Delete employee records whose designation level becomes greater than 4.



In [None]:
# Increasing designation level by 1 for failed projects (demotion)
Final.loc[Final["Status"] == "Failed", "Designation Level"] += 1

# Removing employees whose designation level is greater than 4
Final = Final[Final["Designation Level"] <= 4]

# Display updated Final DataFrame
Final


## Task 7  
Add “Mr.” and “Mrs.” as prefixes to the First Name based on gender and remove the Gender column.


In [None]:
# Adding title to First Name based on Gender
Final["First Name"] = np.where(
    Final["Gender"] == "M",
    "Mr. " + Final["First Name"],
    "Mrs. " + Final["First Name"]
)

# Dropping the Gender column as it is no longer needed
Final.drop("Gender", axis=1, inplace=True)

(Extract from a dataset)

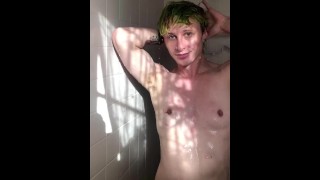 shower w me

# Display updated Final DataFrame
Final


## Task 8
Promote designation level by 1 for employees whose age is more than 29 years

In [None]:
# Promoting employees whose age is greater than 29
# Promotion means reducing designation level by 1 (since 1 is highest)
Final.loc[Final["Age"] > 29, "Designation Level"] -= 1

# Display updated Final DataFrame
Final


## Task 9  
Create a DataFrame showing total project cost per employee.


In [None]:
# Calculating total project cost per employee
TotalProjCost = Final.groupby(
    ["ID", "First Name"]
)["Cost"].sum().reset_index()

# Renaming column for clarity
TotalProjCost.rename(columns={"Cost": "Total Project Cost"}, inplace=True)

# Display result
TotalProjCost


## Task 10  
Print all employee details whose city name contains the letter "o".


In [None]:
# Filtering employees whose city name contains letter 'o'
Final[Final["City"].str.contains("o", case=False)]


## Conclusion

This capstone project successfully demonstrates the use of Python fundamentals,
Pandas, and NumPy to solve real-world data problems. All tasks from data creation,
cleaning, transformation, and analysis were completed as per the project requirements.